→ **Your instructions**
Skip pictures in the listing below; copy exactly the lines from the one with "Foldable gray mattress" through the one with "Living room French", inclusive.

→ **Task material**
────
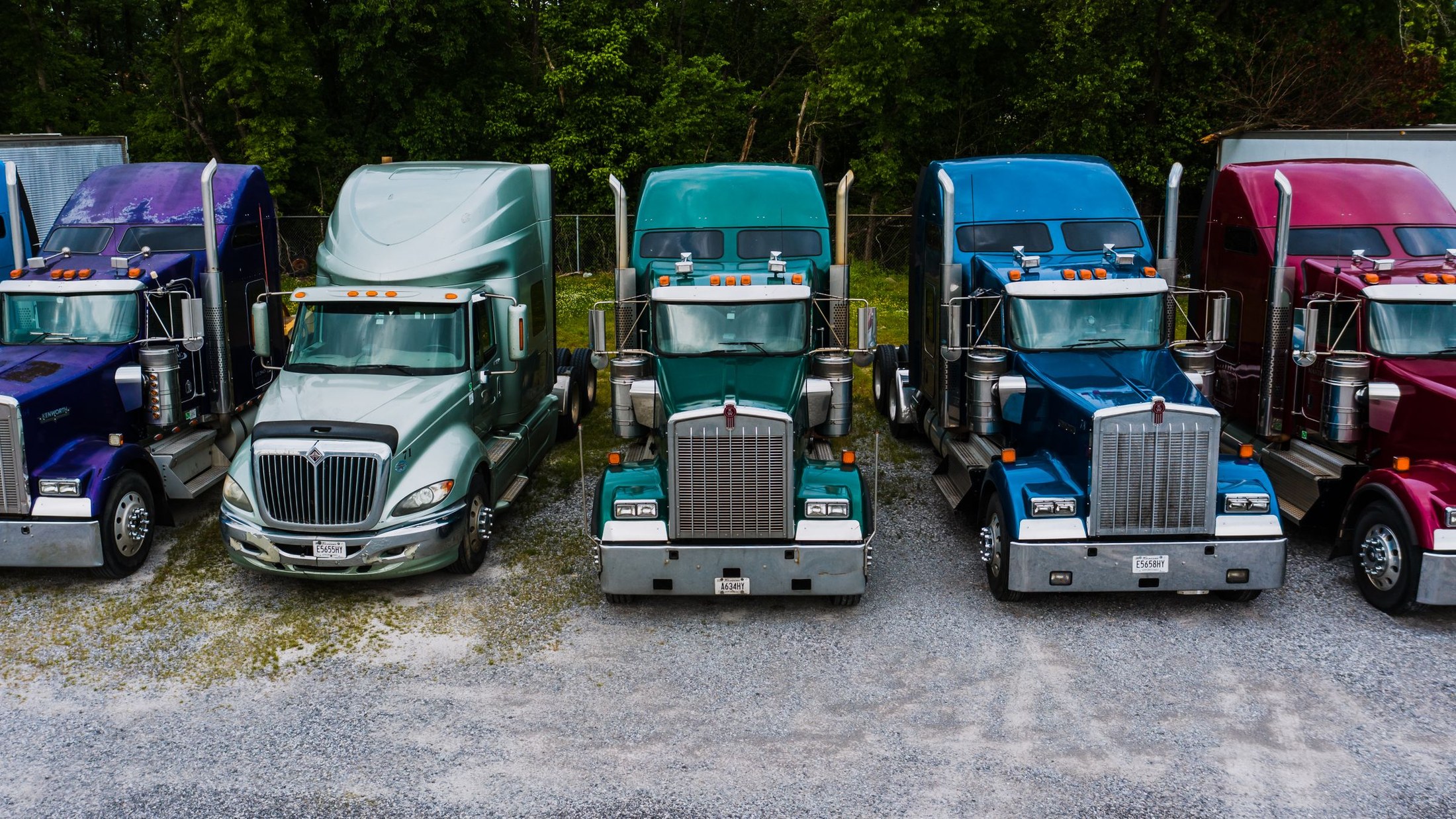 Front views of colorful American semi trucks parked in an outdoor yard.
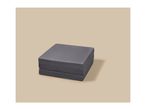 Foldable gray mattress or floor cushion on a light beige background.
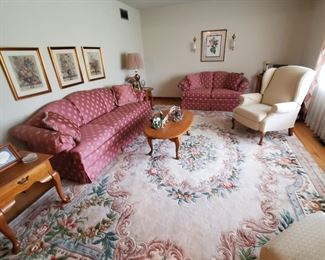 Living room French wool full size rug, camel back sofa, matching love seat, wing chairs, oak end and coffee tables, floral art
────
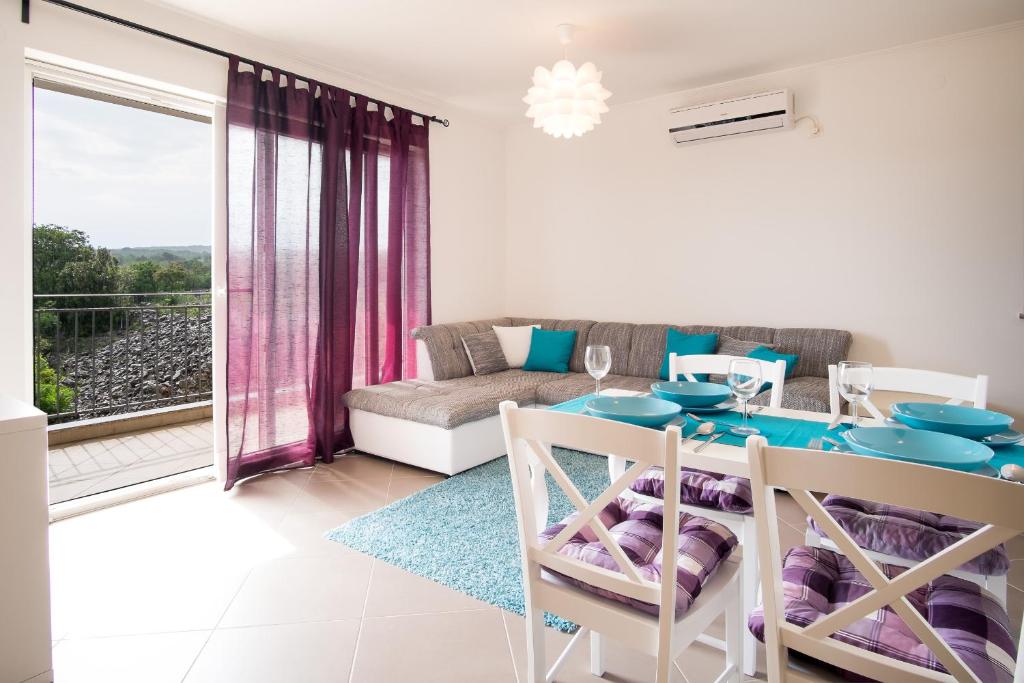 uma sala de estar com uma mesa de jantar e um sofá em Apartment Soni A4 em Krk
────
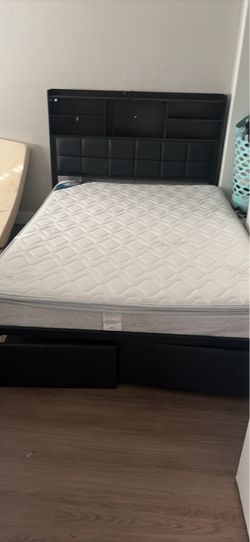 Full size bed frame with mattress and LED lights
────
→ **Task response**
 Foldable gray mattress or floor cushion on a light beige background.
 Living room French wool full size rug, camel back sofa, matching love seat, wing chairs, oak end and coffee tables, floral art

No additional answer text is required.